|
|
-
Out of space preventing namenode startup
Patrick Marchwiak 2010-10-06, 20:56
While I was copying files to hdfs, the hadoop fs client started to report errors. Digging into the datanode logs revealed [1] that I had run out of space on one of my datanodes. The namenode (running on the same machine as the failed datanode) died with a fatal error [2] when this happened and the logs seem to indicate some kind of corruption. I am unable to start up my namenode now due to the current state of hdfs [3].

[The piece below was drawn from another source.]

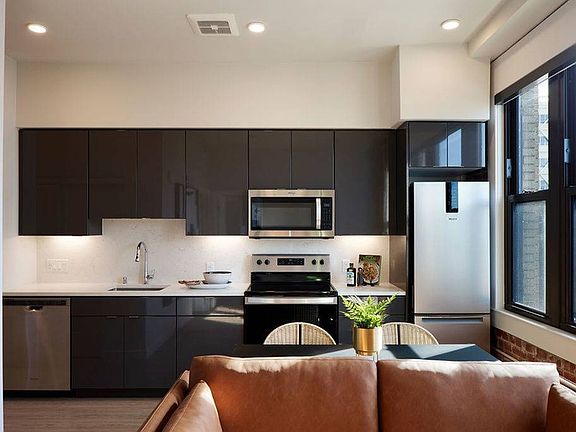 Thoughtful touches like undercabinet lighting, high gloss cabinets, oversized windows and roller shades combine to create an excellent living experience at Modera Berkeley.*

I stumbled upon HDFS-1378 which implies that manual editing of edit logs must be done to recover from this. How would one go about doing this? Are there any other options? Is this expected to happen when a datanode runs out of space during a copy? I'm not against wiping clean the data directories of each datanode and reformatting the namenode, if necessary.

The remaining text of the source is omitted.